## Basic Time Series Analysis

This notebook demonstrates basic time series data analysis using scientific Python libraries such as [NumPY](http://www.numpy.org/).  This example uses air temperature data that is stored in HydroShare to derive daily aggregated values and store them in a new HydroShare resource.

## 1. Script Setup and Preparation

Before we begin our processing, we must import several libaries into this notebook.  The `%matplotlib inline` command tells the notebook server to place plots and figures directly into the notebook.

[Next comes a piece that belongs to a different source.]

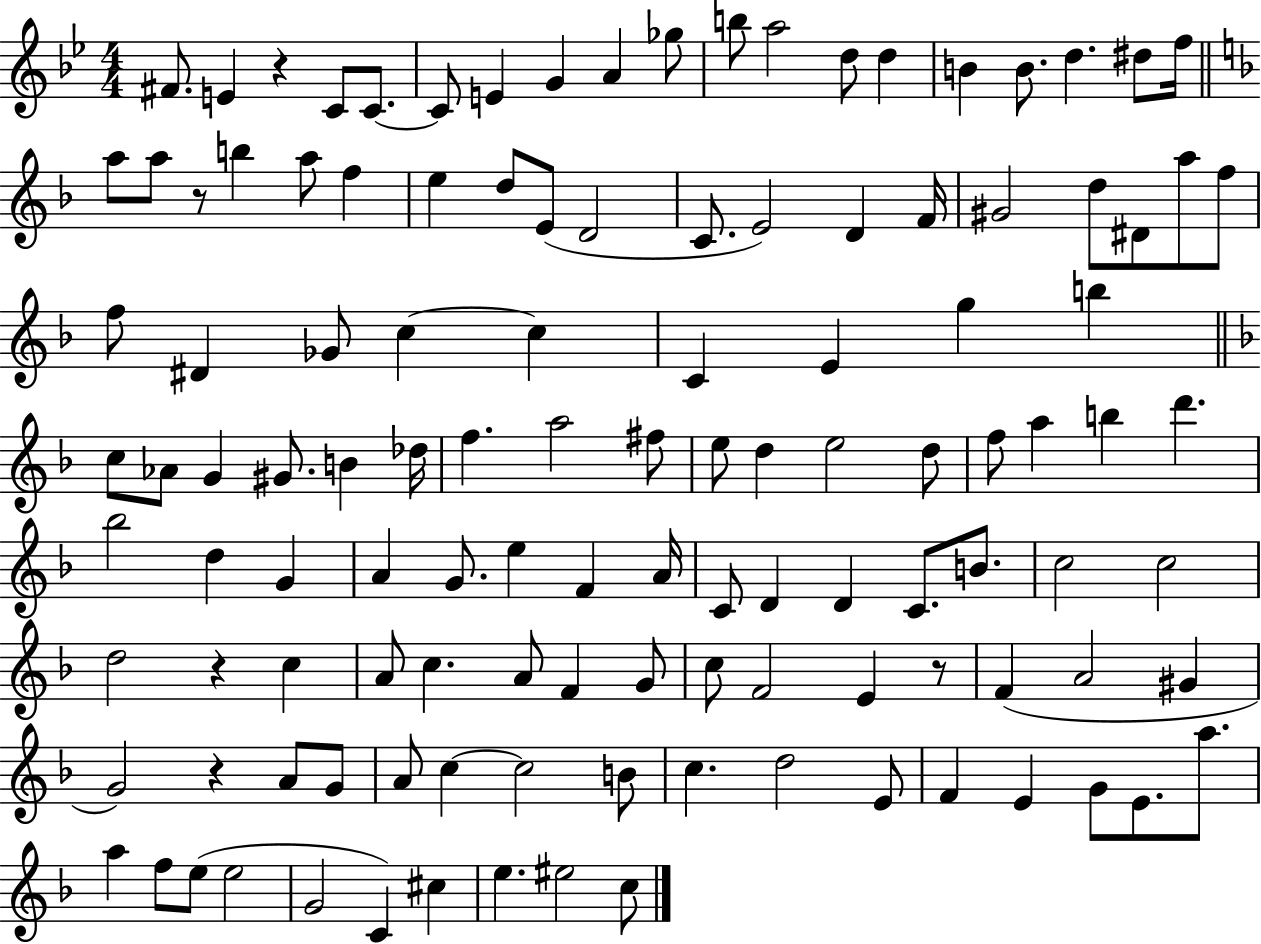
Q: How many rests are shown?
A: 5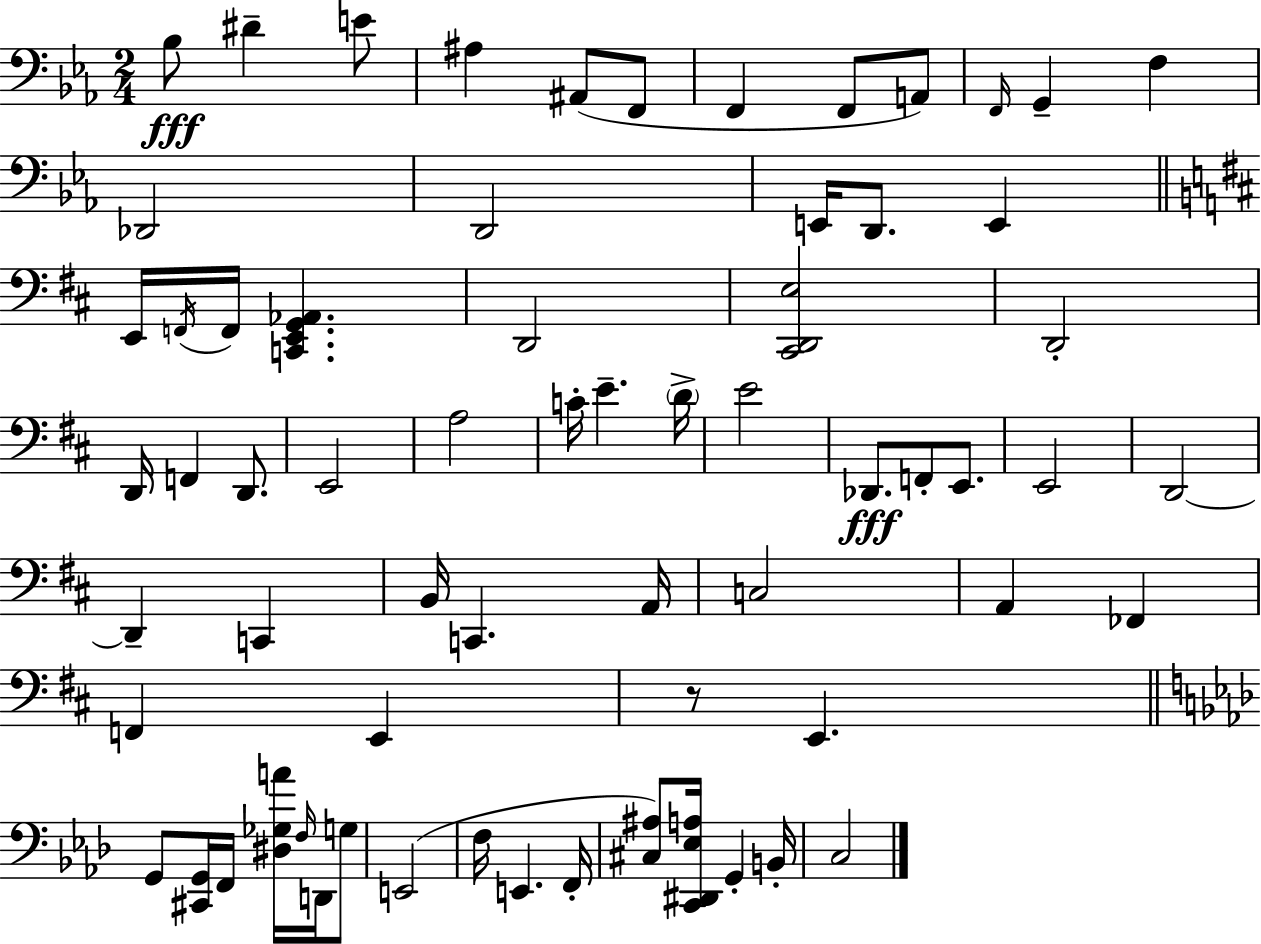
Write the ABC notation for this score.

**Note:** You may see some matplotlib warnings if this is the first time you are running this notebook. These warnings can be ignored.

In [1]:
import os
import pandas
import itertools as it
from functools import reduce
from datetime import datetime
import matplotlib.pyplot as plt

%matplotlib inline

This resource contains a file with observation data called `BeaverDivideTemp.csv`

We'll use this file to derive daily minimum, maximum, and average air temperatures.  Lets preview this Beaver Divide temperature data by looping over the first 10 lines of the csv file that was downloaded.

In [2]:
# preview the content of the BeaverDivideTemp file
air_temp_csv = 'BeaverDivideTemp.csv'
with open(air_temp_csv) as f:
    for i in range(0, 10):
        print(f.readline())

Date,AirTemp-degC

10-30-2013 10:15:00, 20.91 

10-30-2013 12:00:00, 21.62 

10-30-2013 12:15:00, 21.87 

10-30-2013 12:30:00, 21.92 

10-31-2013 09:15:00, -174.4 

10-31-2013 09:30:00, -9999 

10-31-2013 09:45:00, -9999 

10-31-2013 10:30:00, -2.693 

10-31-2013 10:30:00, -2.693 



## 2. Time Series Analysis

Pandas is a data analysis library that we will be using to read and summarize our temperature data.  To get started, load the csv data into a Pandas DataFrame object using `read_csv`. This is a powerful function that allows us to skip commented lines, strip whitespace, as well as transform date strings into python objects.

In [None]:
# read all of the data into pandas
dateparse = lambda x: datetime.strptime(x, '%m-%d-%Y %H:%M:%S')
df  = pandas.read_csv(air_temp_csv, comment='#', delimiter=',', parse_dates=['Date'], date_parser=dateparse)

In [None]:
df

Determine if nodata values are included. Often these are represented by a very large negative number. 

In [None]:
df.min()

Subset our dataset to exclude nodata values. We'll also set a lower limit of -50C to remove any errors in the dataset.

In [None]:
df = df[df['AirTemp-degC'] > -50]

We can use built-in Pandas functions to derive daily aggregate temperatures. 

In [None]:
daily_min = df.groupby(pandas.Grouper(key='Date', freq='1D')).min()
daily_max = df.groupby(pandas.Grouper(key='Date', freq='1D')).max()
daily_ave = df.groupby(pandas.Grouper(key='Date', freq='1D')).mean()

In [None]:
daily_max

Visualize our derived data by using matplotlib.

In [None]:
# create a figure
fig, ax = plt.subplots(1,1,figsize=(15, 5))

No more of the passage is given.